Впрочем, Александр в Ирландии провел не только вербовку Стюарта в подпольную организацию ирландского сопротивления, но и несколько раз выступил перед революционерами, договорился о поставке новой партии оружия и о многом другом. Правда, практически все пришлось делать буквально бегом и на ходу, но подобное мало кого волновало.


— Стюарт! Друг мой! Рад тебя видеть! — Старый Гаррет двинулся навстречу входящему Парнеллу. — Уже совершенно тебя заждался.

— Что-то случилось? Мне сказали, что появилось дело, не требующее отлагательств.

— Пойдем. — Старый Гаррет, поманив Стюарта, прошел через две проходные комнаты и зашел на кухню, поднял лючок и спустился в подвал. Зажег масляную лампу. Поставил на стол небольшой сундук и открыл его. Стюарт глянул туда и замер в недоумении. Внутри лежала аккуратного вида корона, выполненная из белого серебристого металла. Если бы Гаррет и Стюарт были знакомы с искусством начала XXI века, то безошибочно опознали в этом царственном венце безусловные черты эльфийской стилистики.
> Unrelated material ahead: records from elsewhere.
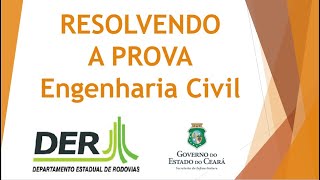 Resolvendo a Prova  Engenharia Civil  DER Ceará [upl. by Omik]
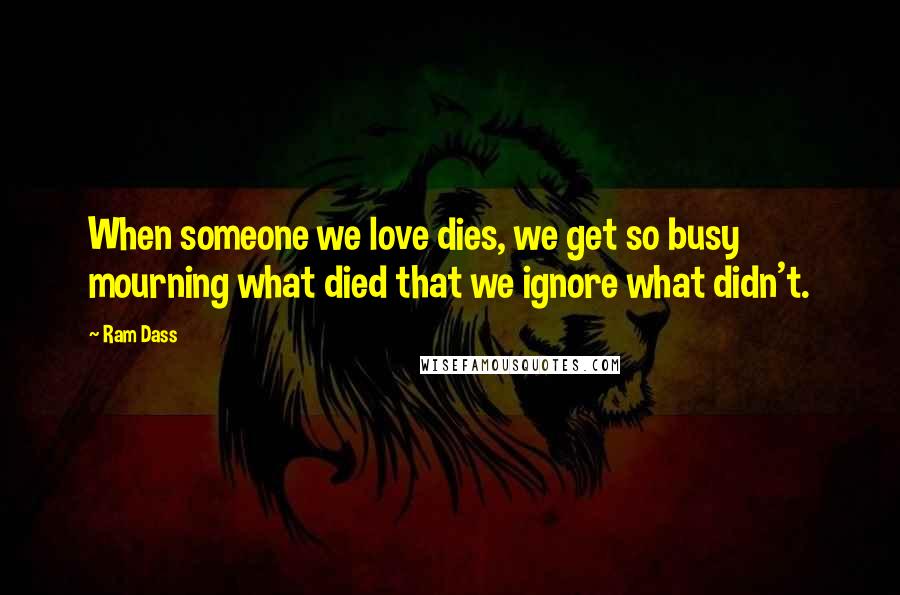 Ram Dass Quotes: When someone we love dies, we get so busy mourning what died that we ignore what didn't.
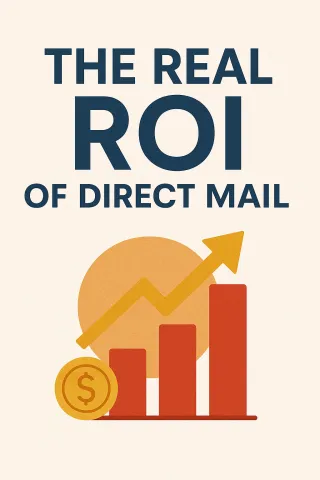 Pixels vs. Paper – The Real ROI of Direct Mail vs. Digital Ads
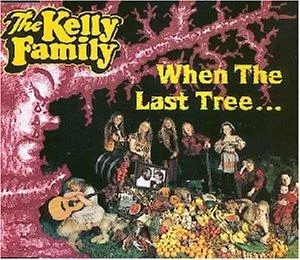 The Kelly Family - When The Last Tree [Audio-CD]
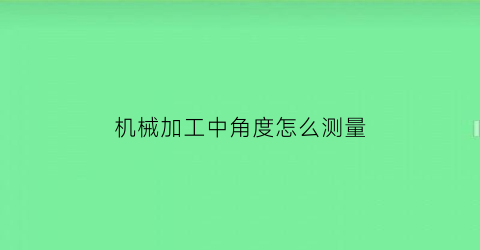 机械加工中角度怎么测量(机械加工角度的计算方法)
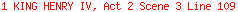 1 KING HENRY IV, Act 2 Scene 3 Line 109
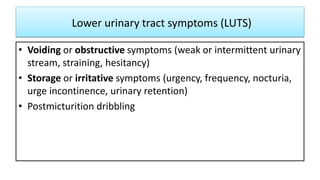 Lower urinary tract symptoms (LUTS)
• Voiding or obstructive symptoms (weak or intermittent urinary
stream, straining, hesitancy)
• Storage or irritative symptoms (urgency, frequency, nocturia,
urge incontinence, urinary retention)
• Postmicturition dribbling
 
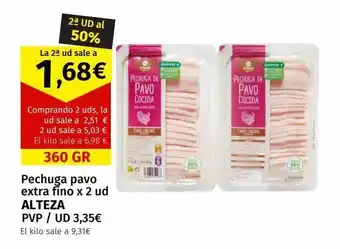 Maskom Supermercados Pechuga pavo extra fino x 2 ud alteza oferta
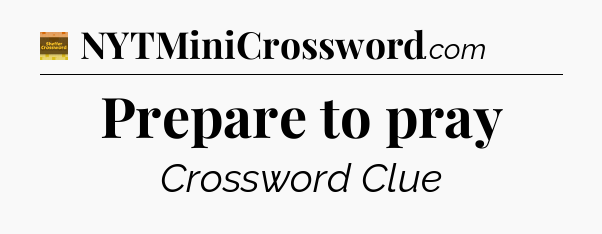 Prepare to pray - Eugene Sheffer Crossword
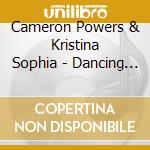 Cameron Powers & Kristina Sophia - Dancing With Your Soul cd musicale di Cameron Powers & Kristina Sophia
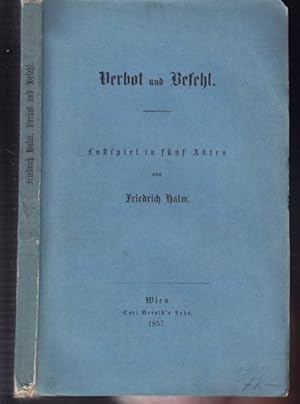 Imagen del vendedor de Verbot und Befehl. Lustspiel in fnf Akten. a la venta por Antiquariat Burgverlag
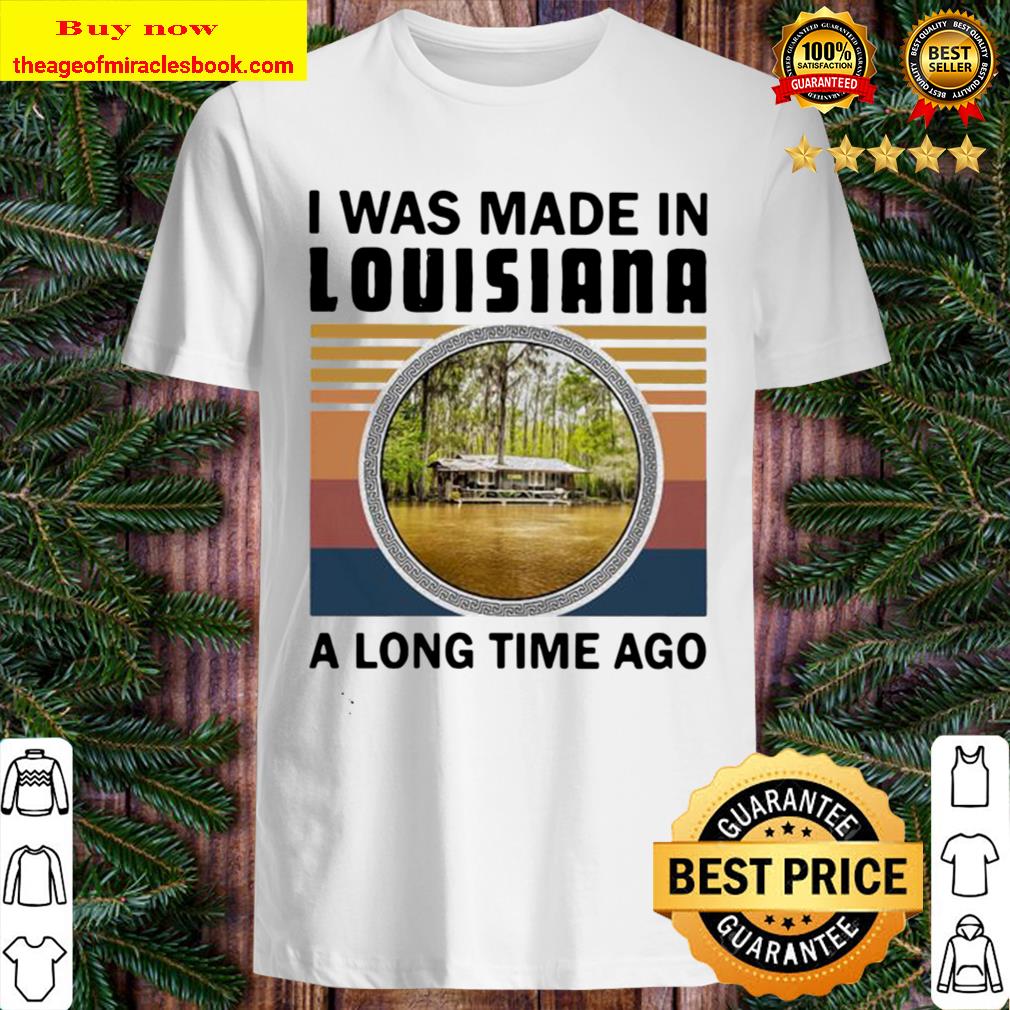 I was made in louisiana a long time ago vintage retro Hot shirt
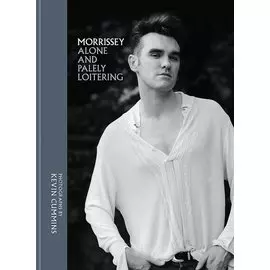 Morrissey. Alone and Palely Loitering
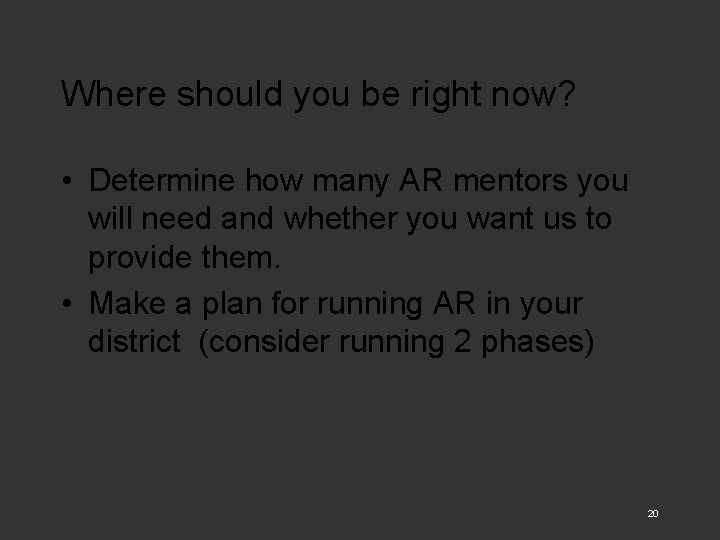 Where should you be right now? • Determine how many AR mentors you will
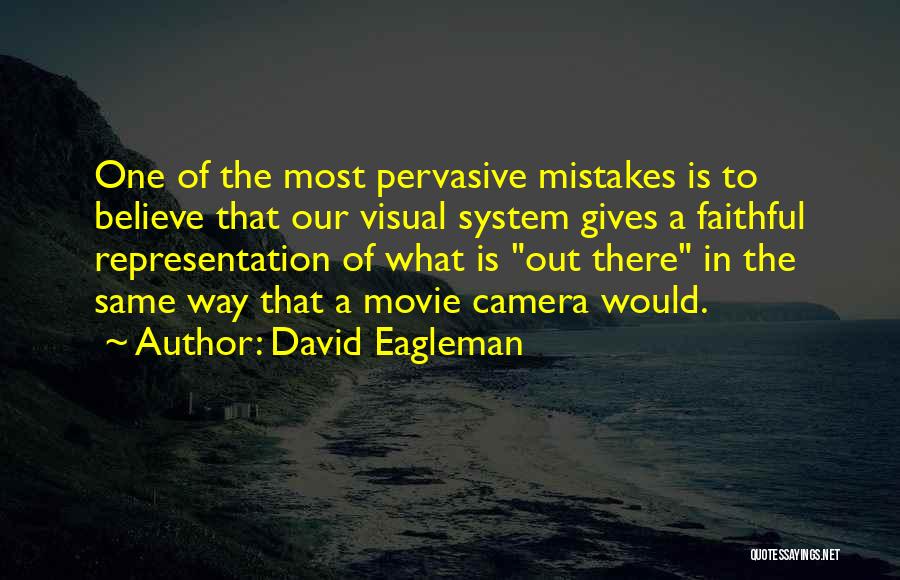 David Eagleman Quotes: One Of The Most Pervasive Mistakes Is To Believe That Our Visual System Gives A Faithful Representation Of What Is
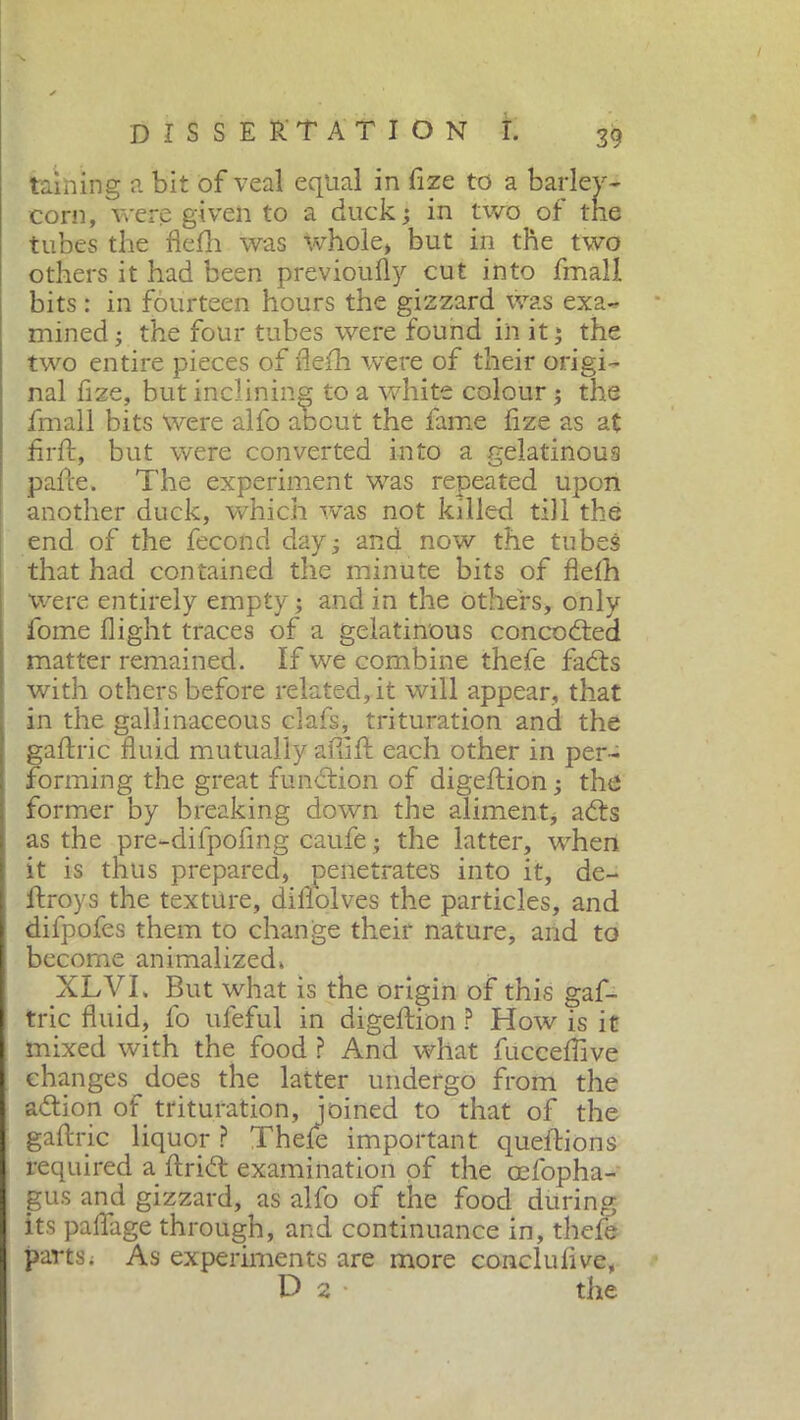 taihing a bit of veal equal in fize to a barley- corn, were given to a duck ; in two of tne tubes the flefli was whole» but in the two others it had been previoufly cut into fmall bits : in fourteen hours the gizzard was exa- mined ; the four tubes were found in it ; the two entire pieces of fleih were of their origi- nal fize, but inclining to a white colour ; the fmall bits were alfo aocut the fame fize as at firft, but were converted into a gelatinous pafte. The experiment was repeated upon another duck, which was not killed till the end of the fecond day; and now the tubes that had contained the minute bits of fleih were entirely empty ; and in the others, only fome flight traces of a gelatinous concodied matter remained. If we combine thefe fadis with others before related, it will appear, that in the gallinaceous clafs, trituration and the gaftric fluid mutually affift each other in per- forming the great function of digeftion ; the former by breaking down the aliment, adts as the pre-dilpofmg caufe ; the latter, when it is thus prepared, penetrates into it, de- itroys the texture, diitolves the particles, and difpofes them to change their nature, and to become animalized. XLVI. But what is the origin of this gaf- tric fluid, fo ufeful in digeftion ? How is it mixed with the food ? And what fuccefiive changes does the latter undergo from the adtion of trituration, joined to that of the gaftric liquor ? Thele important queftions required a ftridt examination of the cefopha- gus and gizzard, as alfo of the food during its paflage through, and continuance in, thefe parts ; As experiments are more concilili ve, D 2 • the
А так, они смогли оценить только качество сложной пространственной вязи.

— Что это?

— «Большой брат» прислал подарок. Он сказал, что достойной стране нужна достойная корона.

— Почему вы ее показываете мне? — Стюарт поднял глаза на хитрого старика.

— Потому что более некому ее среди нас надеть. Слишком простые головы. Не по рождению нам такие вещи даже мерить.

— Странно все это, — сказал Парнелл и аккуратно взял корону в руки, медленно вращая и рассматривая. Только сейчас он понял, что его смущало в ней — слишком прочная она была для серебряной поделки. — Из чего она сделана?

— Платина и алмазы. Видишь, как они бусинками между листьев расположились. — Стюарт держал корону в руках, а его глаза все больше и больше разгорались, наполняясь огнем амбиций и страстной жажды власти. — Друг мой, это еще не все. К короне наш добрый друг приложил довольно увесистое письмо, — сказал Гаррет и кивнул на весьма внушительный конверт, лежащий на полке.